Information shown START

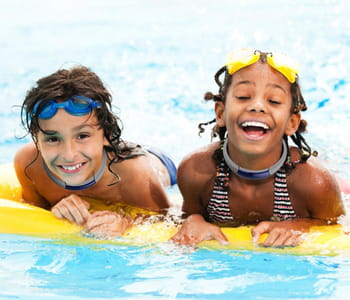 swimsafe, un accessoire pour enfants et adultes qui peut sauver des vies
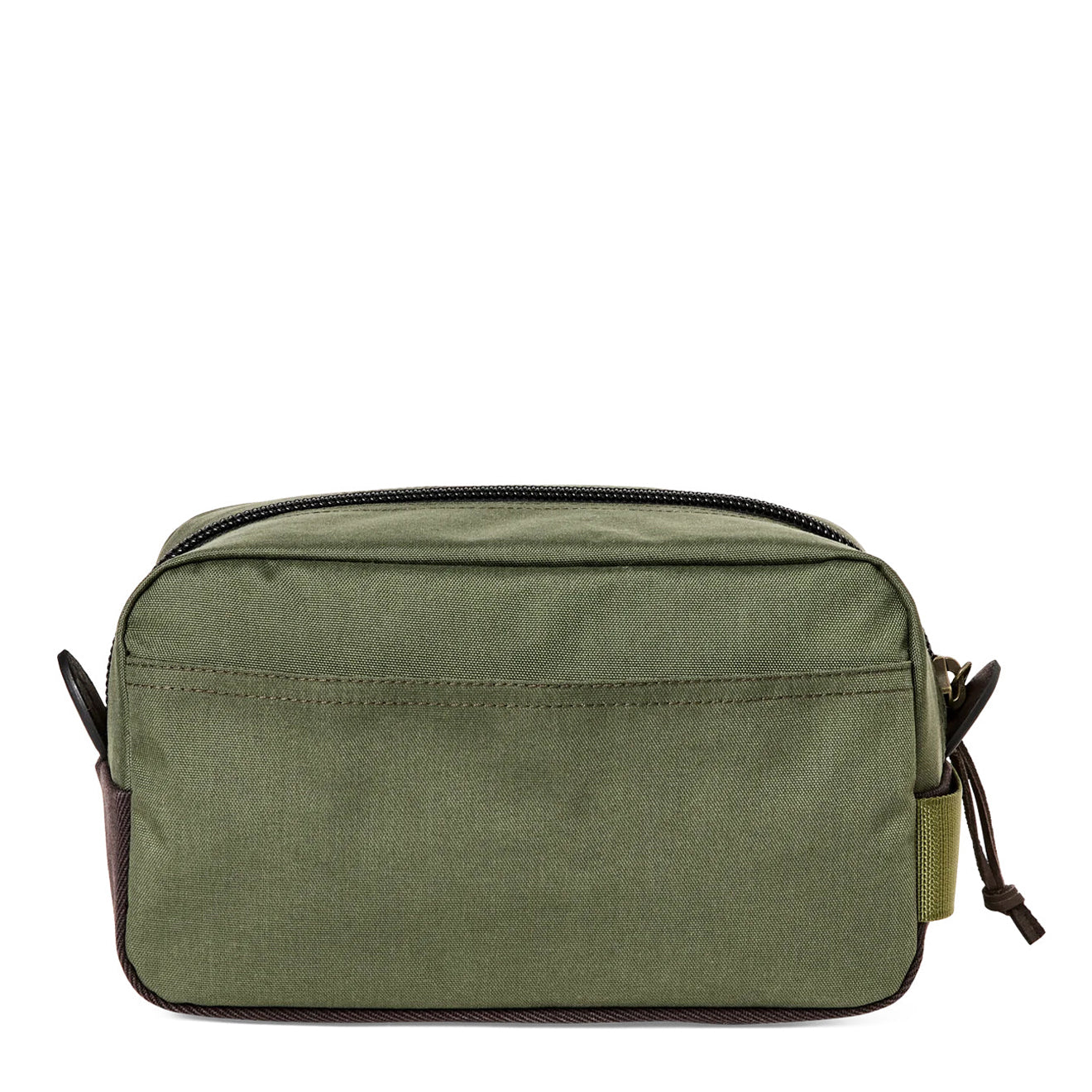 Filson Travel Pack Otter Green - Image 2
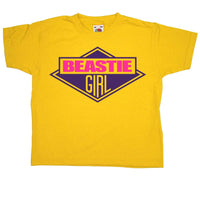 Thumbnail for Beastie Girl Kids Graphic T-Shirt 8Ball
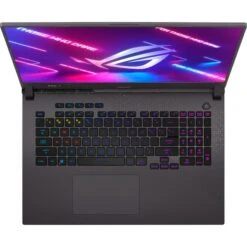 ASUS ROG Strix G17 (2022) (G713RS-LL008W), Gaming-Notebook -Asus || HP || Digitus Verkäufe ASUS ROG Strix G17 2022 G713RS LL008W Gaming Notebook@@1865832 3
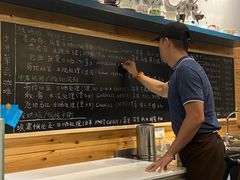 -Be Lived Cafe比例咖啡(摩天轮店)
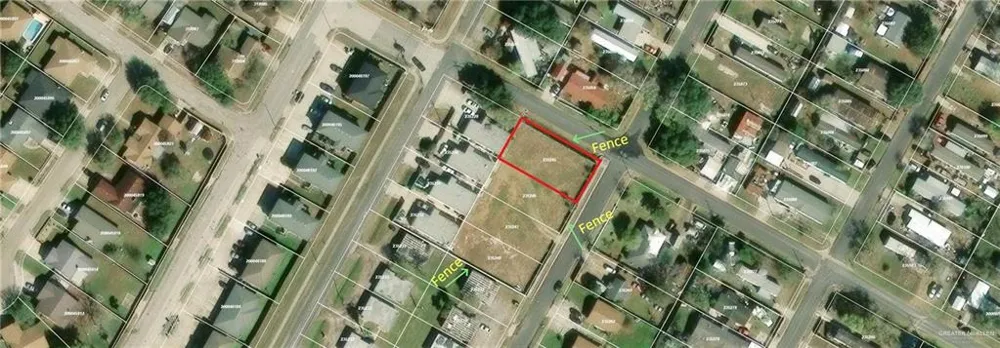 902 Mcdonald Street Corpus Christi, TX 78418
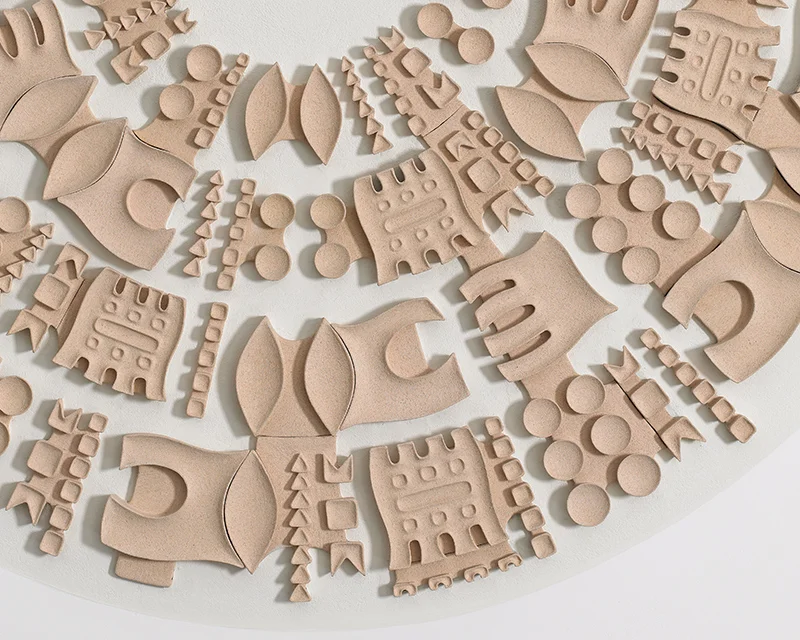 Valentinos Charalambous Ceramics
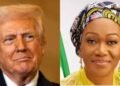 President Trump shocking praise of Remi Tinubu - Is Tinubu’s $9 Million lobby contract at work?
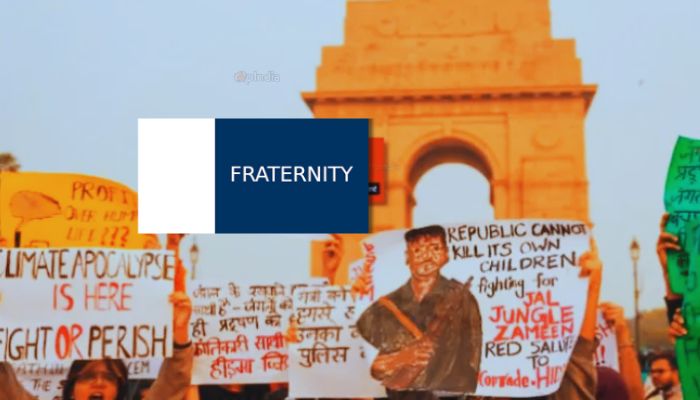 Ram Mandir opposition, terror apologist and pro-Naxal activism: Inside Fraternity Movement, the student wing of Welfare Party of Umar Khalid’s father that joined so called anti-pollution protests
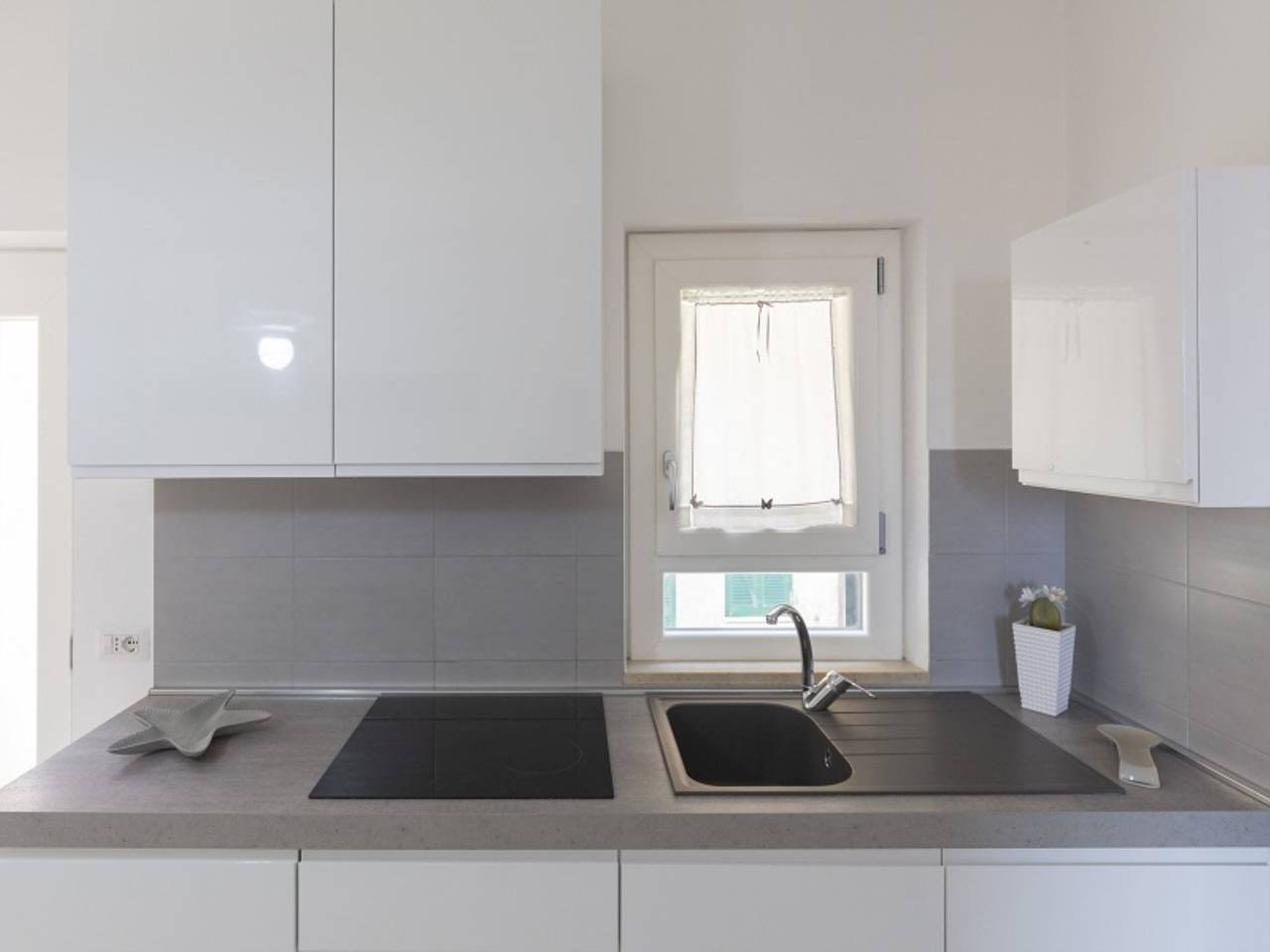 Apartamento vacacional entero, Apartamento de vacaciones para 2 personas in Portoferraio, Elba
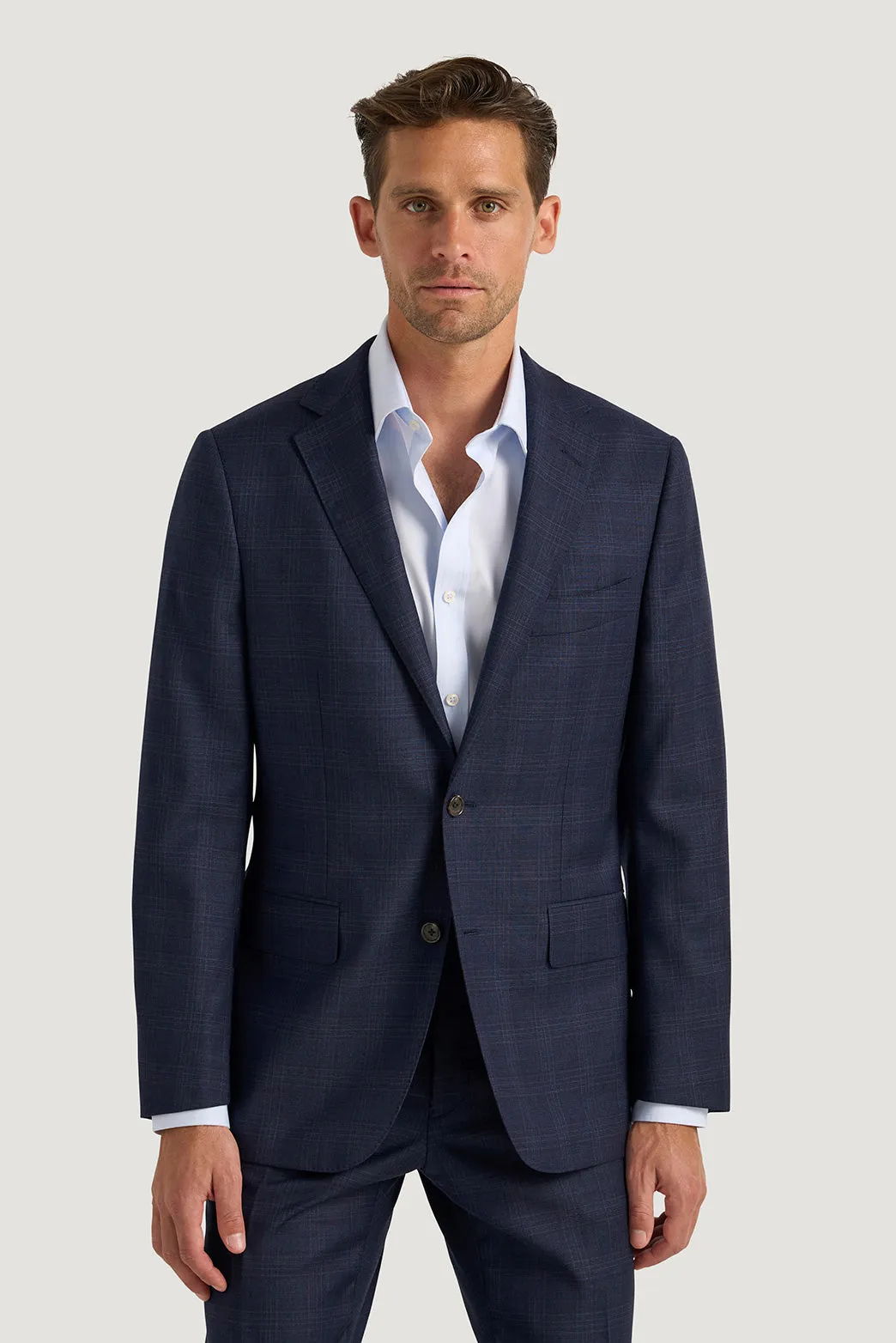 Ballack Suit sold by M.J. Bale product image thumbnail 3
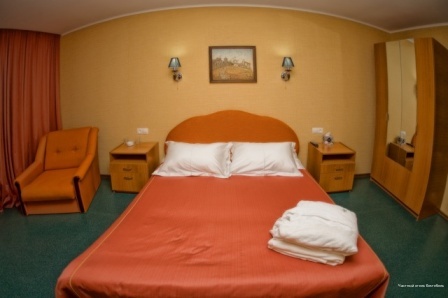 Фото Гостевой дом Коктебель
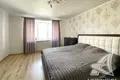 3 room apartment 66 m² Brest, Belarus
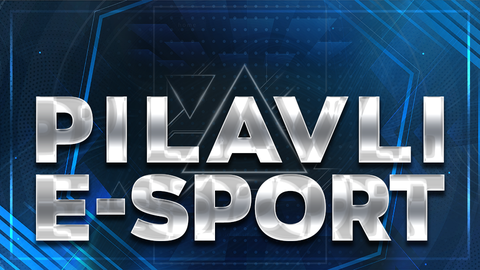 Pilavlı e-Sport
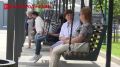 Восемь общественных пространств обустроят в городе благодаря конкурсу развития городских территорий «Белгород меняется»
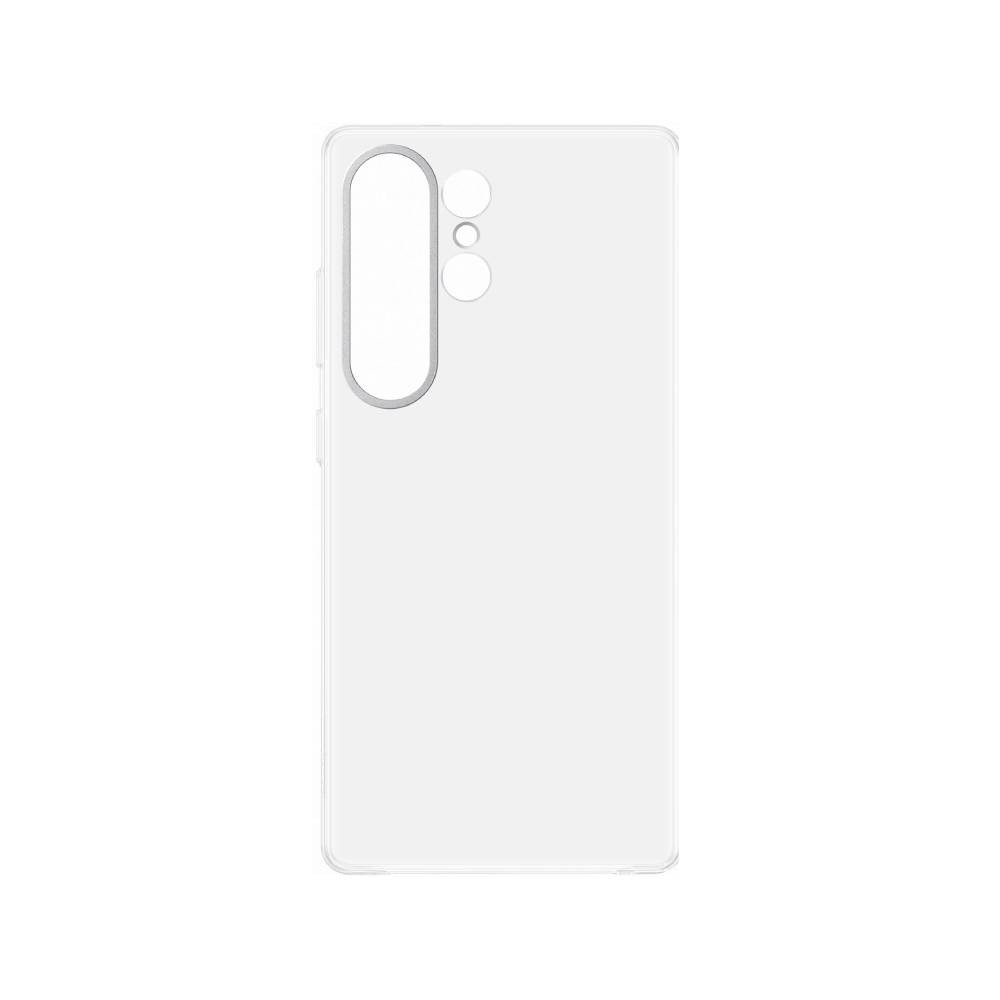 เคส Samsung Galaxy S25 Ultra Clear Transparent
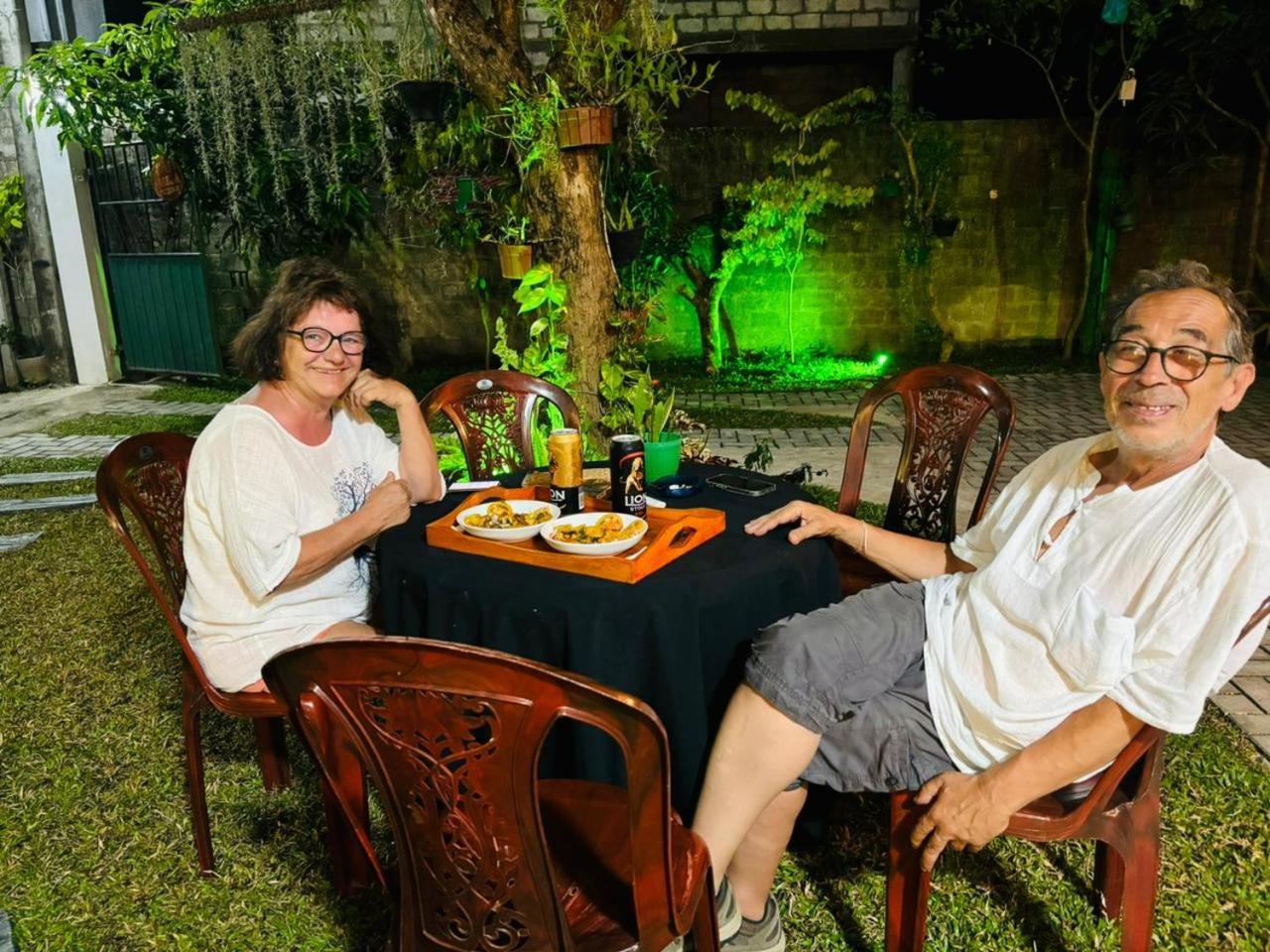 Jaya Villa - Near Airport Negombo Ngoại thất bức ảnh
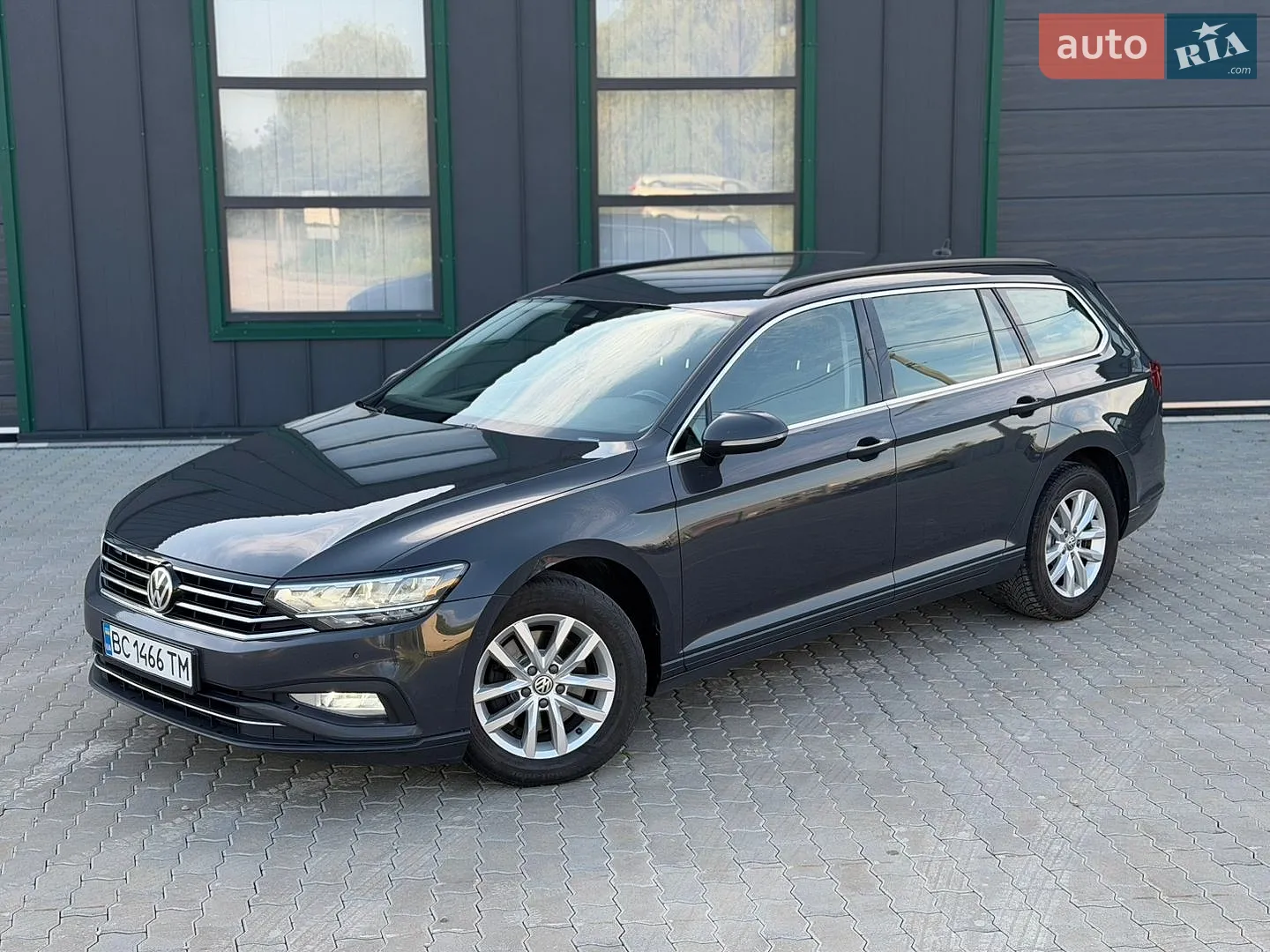 2020 Volkswagen Passat - мініатюра 28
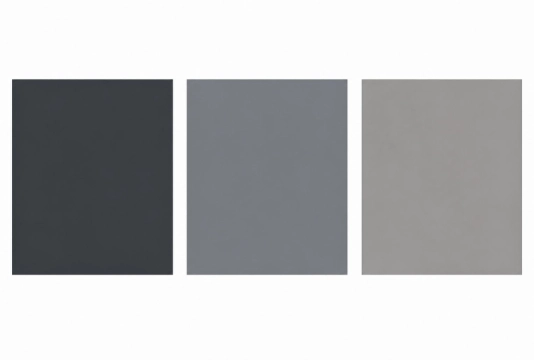 modern grey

Information shown END

Action item:
Repeat the listing in full and to the letter, excluding every image.

Written response:
 swimsafe, un accessoire pour enfants et adultes qui peut sauver des vies
 Filson Travel Pack Otter Green - Image 2
 Thumbnail for Beastie Girl Kids Graphic T-Shirt 8Ball
 ASUS ROG Strix G17 (2022) (G713RS-LL008W), Gaming-Notebook -Asus || HP || Digitus Verkäufe ASUS ROG Strix G17 2022 G713RS LL008W Gaming Notebook@@1865832 3
 -Be Lived Cafe比例咖啡(摩天轮店)
 902 Mcdonald Street Corpus Christi, TX 78418
 Valentinos Charalambous Ceramics
 President Trump shocking praise of Remi Tinubu - Is Tinubu’s $9 Million lobby contract at work?
 Ram Mandir opposition, terror apologist and pro-Naxal activism: Inside Fraternity Movement, the student wing of Welfare Party of Umar Khalid’s father that joined so called anti-pollution protests
 Apartamento vacacional entero, Apartamento de vacaciones para 2 personas in Portoferraio, Elba
 Ballack Suit sold by M.J. Bale product image thumbnail 3
 Фото Гостевой дом Коктебель
 3 room apartment 66 m² Brest, Belarus
 Pilavlı e-Sport
 Восемь общественных пространств обустроят в городе благодаря конкурсу развития городских территорий «Белгород меняется»
 เคส Samsung Galaxy S25 Ultra Clear Transparent
 Jaya Villa - Near Airport Negombo Ngoại thất bức ảnh
 2020 Volkswagen Passat - мініатюра 28
 modern grey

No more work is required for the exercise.